Many deemed the original poster to be conceited, while some were quick to propose another probable reason why citizens received bags of water — to prevent people, especially seniors, from gathering to collect water because of the COVID-19 pandemic. 

And while that does sound like a probable cause for action, it looks like PUB has been using water bags as means of temporary water supply since (at least) 2019. In fact, all you need to do if you’re caught in a waterless situation is to call the PUB hotline. 

It’s no surprise that this has been a measure even before COVID-19 struck the world, especially given Singapore’s drinking water quality being something our government and nation prides itself on. Being able to drink water from the tap is definitely a privilege that many others don’t have. Not to mention, a definite plus is that tap water tastes better than boiled water, unless you like how kettles taste.

It’s Kind of a Novel Throwback

When the aforementioned Facebook post broke Singapore’s subreddit, Reddit user r/Christiary responded in recognition of how certain luxuries can be afforded by our country simply because we’ve come a long way. 


Wells were once a reality for our water supply, and for a long time, Singapore’s throat was parched, even though the British had chosen Singapore as their location for a trading post because of its access to freshwater. In 1819, the British spawned our first reservoir, near the foot of Fort Canning Hill. And even as far as 80 years down the road in the 1890s, the demand for water was far from being met, with water supply being curtailed to as little as two hours daily. It was only after almost a literal century of water shortages that the Johor water scheme was enacted in 1923. 

I’ll skim past the history lesson, but Singapore’s water supply almost always had a spotlight cast on it, up until a certain point of water security — which we’ve arguably, not even achieved completely. Demand continued to increase, and supply couldn’t scale nearly as fast. 

Then a Necessity, Now a Luxury… and That’s Okay

Water bags are but pristine indicators of all the baby steps and giant leaps we’ve made. If anything, they’re true markers of how we’re able to afford add-ons for some peace of mind. This also goes to show just how much the tables have turned for us.
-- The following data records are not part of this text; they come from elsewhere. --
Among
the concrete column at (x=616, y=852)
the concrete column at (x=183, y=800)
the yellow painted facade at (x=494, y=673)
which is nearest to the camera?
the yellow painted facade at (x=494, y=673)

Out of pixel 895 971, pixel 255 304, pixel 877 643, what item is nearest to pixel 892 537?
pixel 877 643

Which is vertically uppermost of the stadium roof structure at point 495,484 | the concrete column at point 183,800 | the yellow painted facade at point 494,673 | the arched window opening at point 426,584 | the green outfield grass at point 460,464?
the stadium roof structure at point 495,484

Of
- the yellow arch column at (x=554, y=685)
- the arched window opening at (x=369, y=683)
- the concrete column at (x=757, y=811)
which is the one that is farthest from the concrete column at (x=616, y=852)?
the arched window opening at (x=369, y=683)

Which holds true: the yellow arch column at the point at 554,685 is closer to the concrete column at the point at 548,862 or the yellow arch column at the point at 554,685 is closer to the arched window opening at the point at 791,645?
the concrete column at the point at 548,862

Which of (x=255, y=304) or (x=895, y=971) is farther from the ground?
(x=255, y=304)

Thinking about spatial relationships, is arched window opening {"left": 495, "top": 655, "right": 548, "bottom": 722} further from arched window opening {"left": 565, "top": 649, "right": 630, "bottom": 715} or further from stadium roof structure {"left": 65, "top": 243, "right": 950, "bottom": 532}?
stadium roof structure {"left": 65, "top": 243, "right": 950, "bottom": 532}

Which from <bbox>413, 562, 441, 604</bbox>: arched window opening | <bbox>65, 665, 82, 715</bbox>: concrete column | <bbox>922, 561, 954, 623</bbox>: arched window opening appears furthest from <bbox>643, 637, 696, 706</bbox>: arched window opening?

What we now treat as contingencies may once have been measures of necessity and reliance. 

Much like water bags were distributed in this instance, water was once distributed in Singapore through means of water trucks. When water networks and infrastructure wasn’t developed enough in the old days, water trucks and manual distribution were what kept the residents of Singapore hydrated. Even as recent as 50 years ago, Singapore still had to collect water in buckets from water trucks, needing to ration them across the day or week. One such incident happened in 1963, when Singapore did not heed appeals to use less water, running taps dry for an astonishing ten months

PUB Poster from 1996

And so as Reddit user r/Christiary said, having the infrastructure and developmental progress to be able to receive water in plastic bags at your doorstep doesn’t mean that we need to go back to the “good old days” just to remind ourselves what it’s like to feel the toils of life. 

As a population, we now face different struggles. While Singapore doesn’t have to worry about rationing its water for now, we worry about other things for future generations, the same way that our ancestors worked to build wells and complex piping that we have today to receive water. Now we work towards things like reversing climate change, and bringing balance to human rights issues so the world takes more baby steps forward. 

IH Digital for PUB

And as long as we look at these water bags as opportunities to count our blessings, we won’t get too far ahead of ourselves. After all, it’s in all of our best interests to make sure that we build a new water narrative, ensuring that these occasional contingencies never, ever become our “normal”. Water Wally would be proud.